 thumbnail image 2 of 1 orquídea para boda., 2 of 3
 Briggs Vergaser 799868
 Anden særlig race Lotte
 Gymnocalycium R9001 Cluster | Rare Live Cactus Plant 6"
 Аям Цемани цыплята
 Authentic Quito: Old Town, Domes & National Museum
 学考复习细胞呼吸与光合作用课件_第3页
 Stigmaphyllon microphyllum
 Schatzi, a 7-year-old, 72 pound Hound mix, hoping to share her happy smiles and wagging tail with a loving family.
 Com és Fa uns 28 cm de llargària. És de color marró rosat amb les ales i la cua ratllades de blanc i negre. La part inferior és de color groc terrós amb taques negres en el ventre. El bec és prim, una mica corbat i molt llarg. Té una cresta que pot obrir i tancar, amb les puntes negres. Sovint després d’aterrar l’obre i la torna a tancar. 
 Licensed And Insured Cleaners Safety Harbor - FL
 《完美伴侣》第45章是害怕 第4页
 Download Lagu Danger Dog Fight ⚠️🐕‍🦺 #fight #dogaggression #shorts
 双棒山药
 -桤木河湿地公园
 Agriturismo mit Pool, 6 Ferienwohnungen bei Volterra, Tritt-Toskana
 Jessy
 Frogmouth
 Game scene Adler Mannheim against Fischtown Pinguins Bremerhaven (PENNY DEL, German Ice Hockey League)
■ ■ ■ ■ ■
● Brief: Return, without any change, only the lines from the one containing "Аям Цемани цыплята" through the last line of the entries above.

● Exercise output:
 Аям Цемани цыплята
 Authentic Quito: Old Town, Domes & National Museum
 学考复习细胞呼吸与光合作用课件_第3页
 Stigmaphyllon microphyllum
 Schatzi, a 7-year-old, 72 pound Hound mix, hoping to share her happy smiles and wagging tail with a loving family.
 Com és Fa uns 28 cm de llargària. És de color marró rosat amb les ales i la cua ratllades de blanc i negre. La part inferior és de color groc terrós amb taques negres en el ventre. El bec és prim, una mica corbat i molt llarg. Té una cresta que pot obrir i tancar, amb les puntes negres. Sovint després d’aterrar l’obre i la torna a tancar. 
 Licensed And Insured Cleaners Safety Harbor - FL
 《完美伴侣》第45章是害怕 第4页
 Download Lagu Danger Dog Fight ⚠️🐕‍🦺 #fight #dogaggression #shorts
 双棒山药
 -桤木河湿地公园
 Agriturismo mit Pool, 6 Ferienwohnungen bei Volterra, Tritt-Toskana
 Jessy
 Frogmouth
 Game scene Adler Mannheim against Fischtown Pinguins Bremerhaven (PENNY DEL, German Ice Hockey League)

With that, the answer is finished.